Contiamo poi che e’ stato sottoposto a centinaia di controlli antidoping, e non e’ mai risultato positivo ad alcuno. Vero anche che l’antidoping e’ sempre arrivato dopo rispetto al doping, per cui i ricercatori dovevano, e devono tuttora, prima scoprire la molecola incriminata, esaminarla e poi catalogarla eventualmente come “dopante”. Da qui se ne deduce che “negativo” all’epoca non doveva per forza coincidere con “pulito”.
Armstrong poi, sempre dalla sua parte, aveva fatto delle precise scelte sportive: correva solo ed esclusivamente la corsa francese, per la quale si allenava 11 mesi l’anno (non come Ullrich, che regolarmente ogni inverno prendeva minimo 5 chili e doveva fare extra preparazione per perderli), e studiava in maniera maniacale con il suo team ogni singola tappa della corsa.
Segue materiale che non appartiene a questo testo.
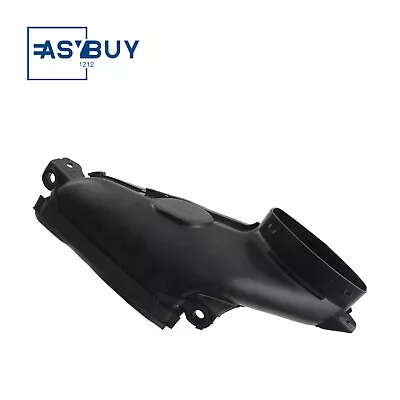 Intake Air Tube Fit For Ford Fusion Lincoln 2013-2018 MKZ DS7Z-9C675-A • $26.24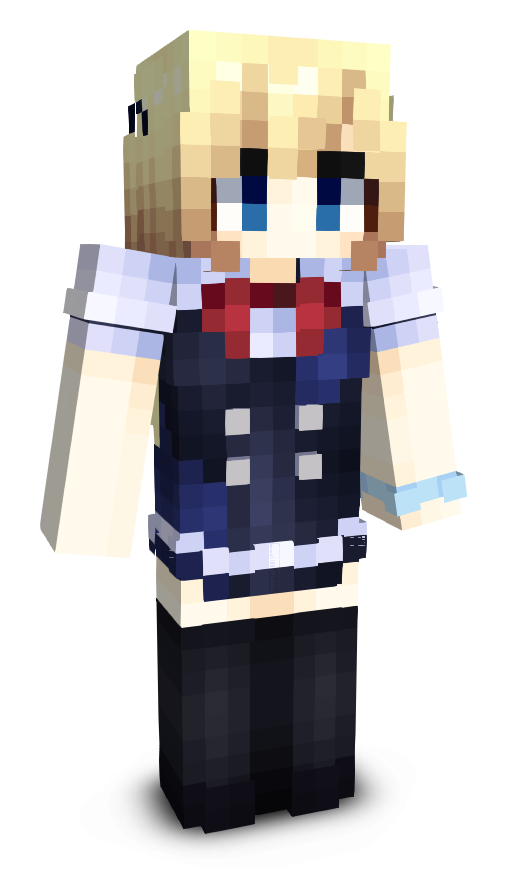 Stare's skin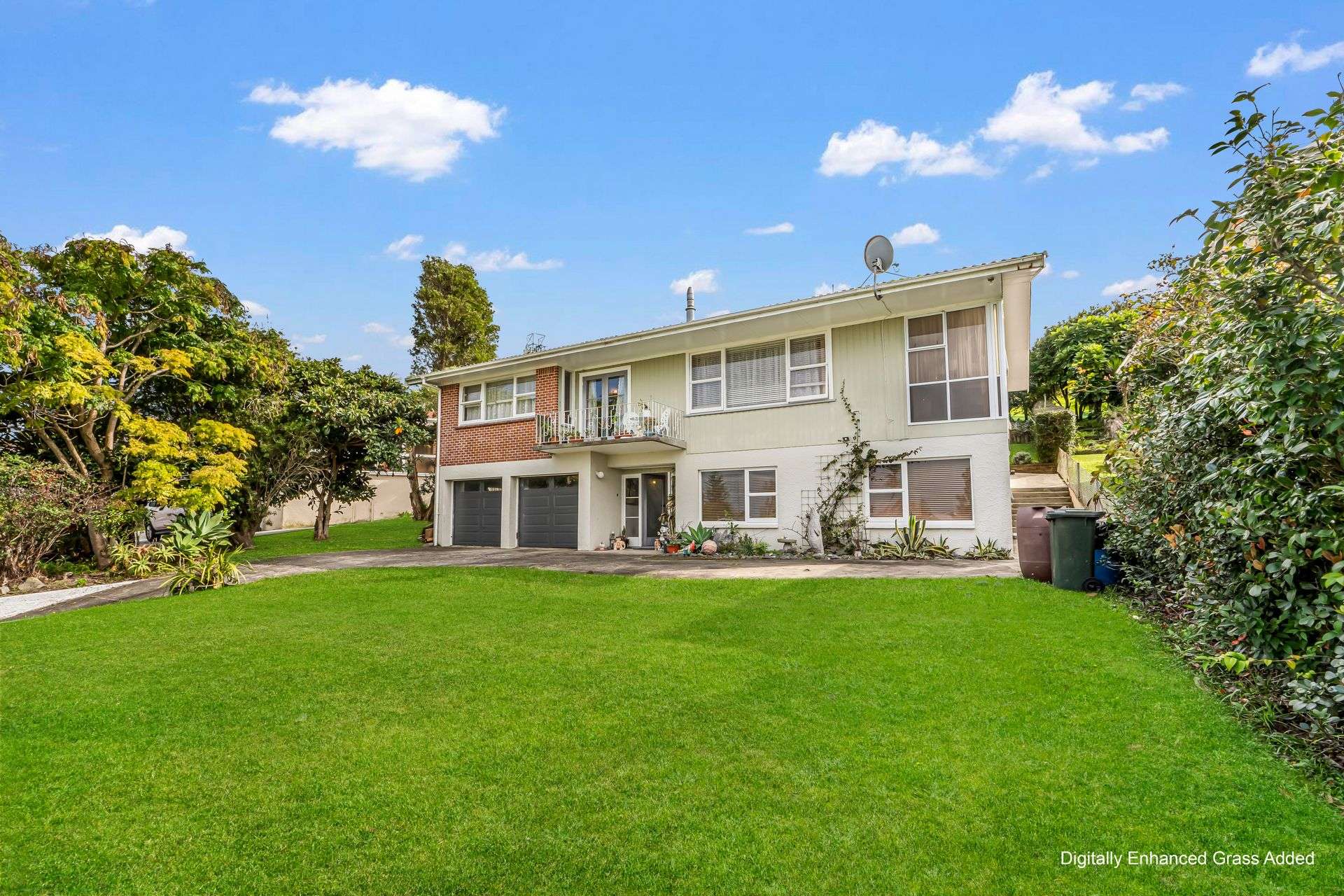 20 Cobham Avenue Dargaville_0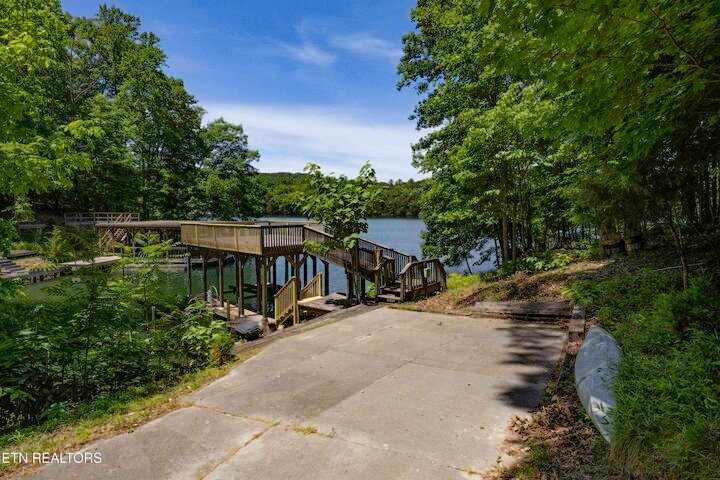 House in Knoxville, Tennessee, United States 2 - 17848635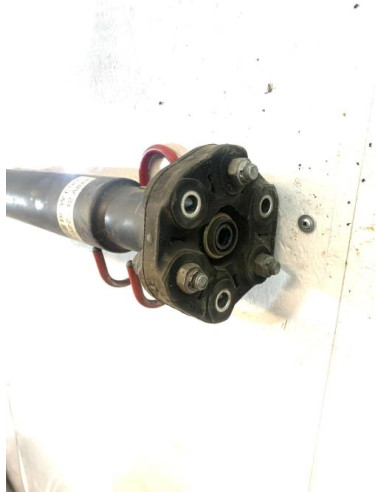 Arbre de transmission (propulsion) BMW SERIE 3 E90 PHASE 1 Diesel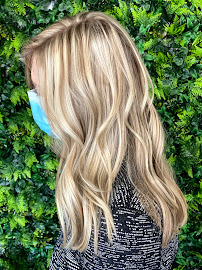 Northern roots hair studio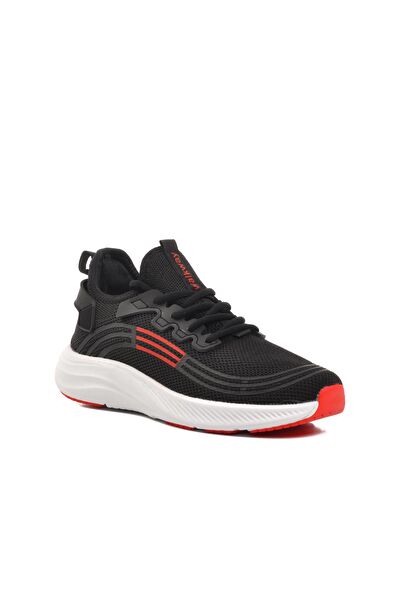 Walkway Erkek Sneaker Ayakkabı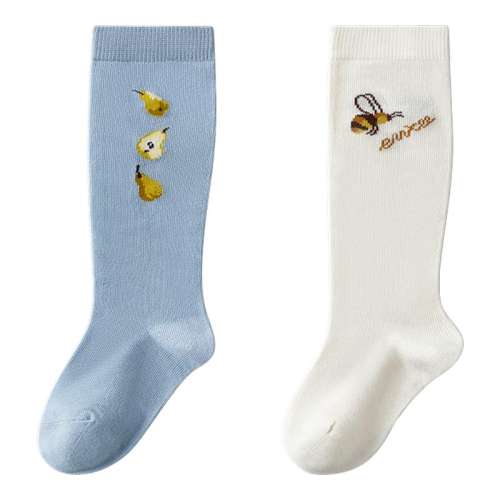 ڲļ驯Ͳ 0-6£ʺϽų6-8CM ӤͯĳͲάӤ౦ӹϥ24.9Ԫ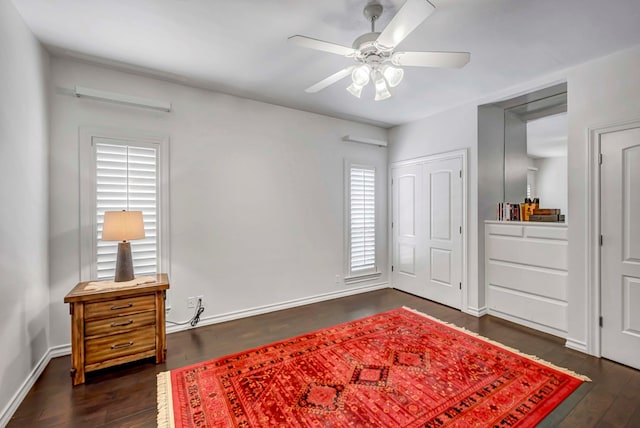 4100 Edgebrook Dr, Midland, TX 79707 - photo 38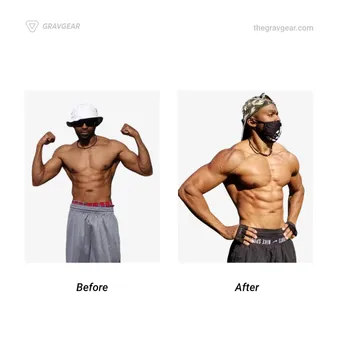 The Benefits of Incorporating Calisthenics into Your Strength Training Routine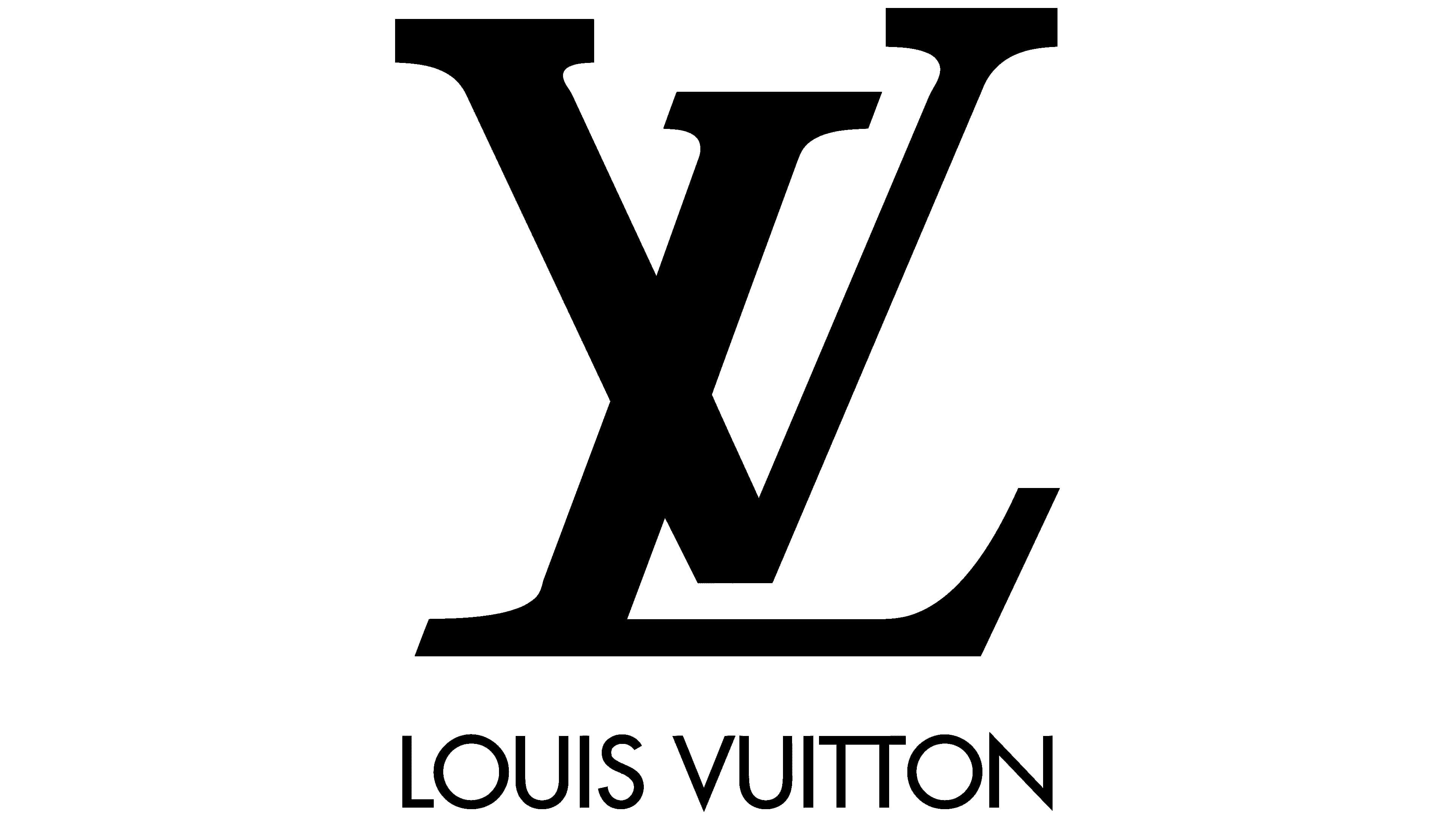Wallpaper #UmfG5ZIBSpphPi3-tDHV38 Louis Vuitton Logo Louis Vuitton Symbol Meaning History and Evolution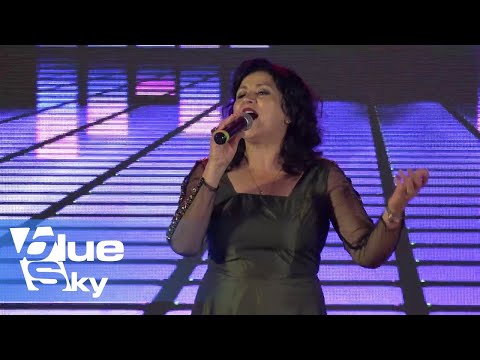 Mukades Çanga - Potpuri Shkodrane (Official video 4K)Hite Verore 2018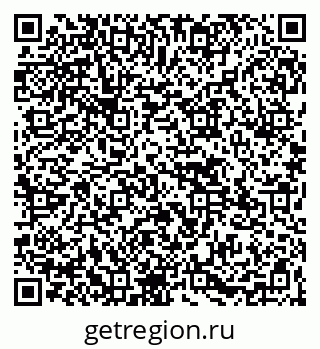79265572258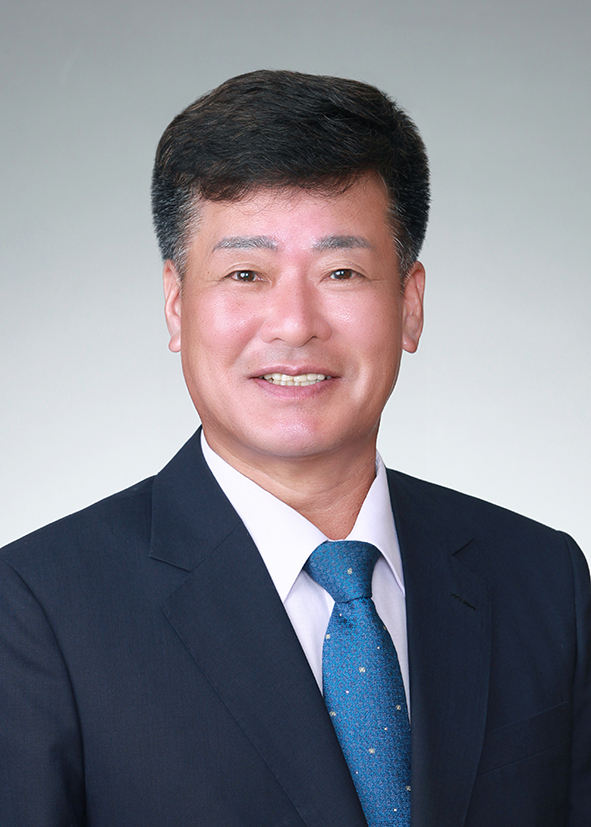 삼계농업협동조합 이미지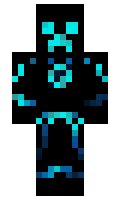 XxJack1612xX minecraft skin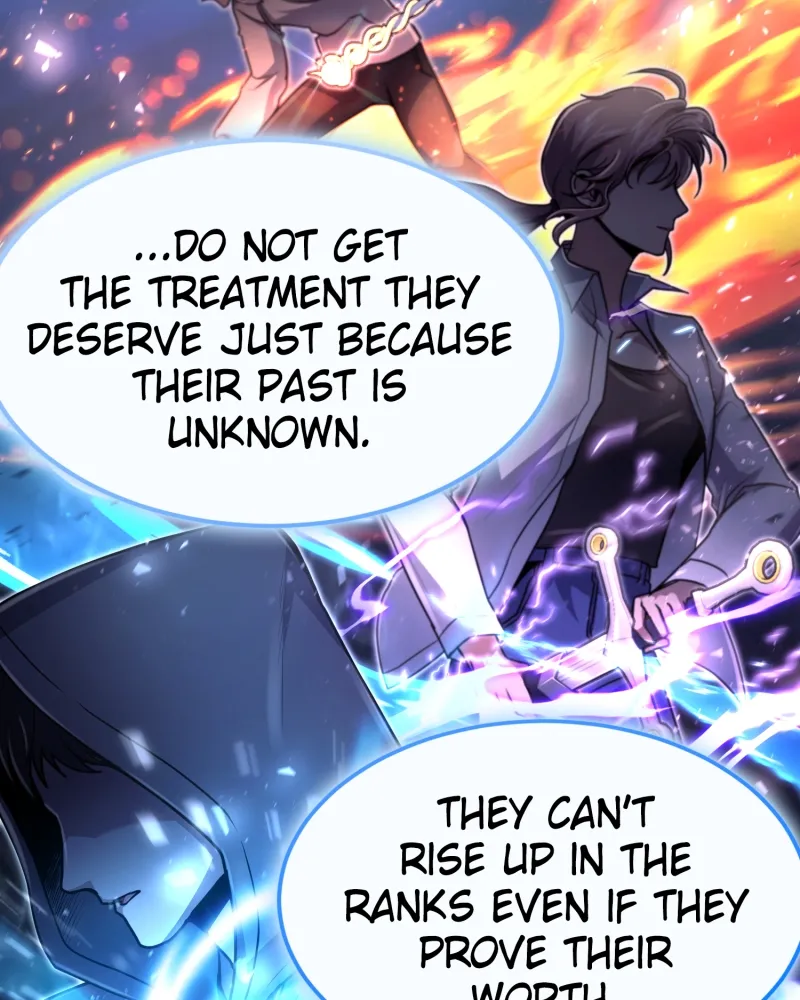 Read How to Live as an Illegal Healer Manga Online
Forse pochi sanno che provava i tracciati delle cronoscalate decine e decine di volte fino a conoscere l’asfalto in ogni suo centimetro con l’ausilio del suo team che lo teneva sempre monitorato in modo poi da studiare a tavolino la migliore tattica. Aggiungo inoltre di come sia tornato poi a correre a 37 anni arrivando comunque terzo dietro a giovanotti come Schleck e Contador, e non penso che onestamente ad un tale risultato ci si arrivi solo per e con il doping.
Non voglio dilungarmi poi sulla vicenda giudiziaria in se’, perche’ e’ a livelli della “giustizia sportiva” italiana, pero’ ci tengo a dire che adesso saltano fuori 5 “pentiti” che lo incastrano pur di salvare la faccia e la dignita’.. Non commento oltre.. A me sa tanto di operazione pubblicitaria, come a suo tempo lo fu quando Armstrong correva, non c’e’ dubbio!
Un caro saluto Giuliano, e quando tornero’ a casa per qualche giorno spero di aver modo di aver possibilita’ di berci una birra assieme!!
Caro Mattia, grazie del commento, che condivido. Fatti vivo quando torni..che ci beviamo la birra! Cari saluti, Giuliano.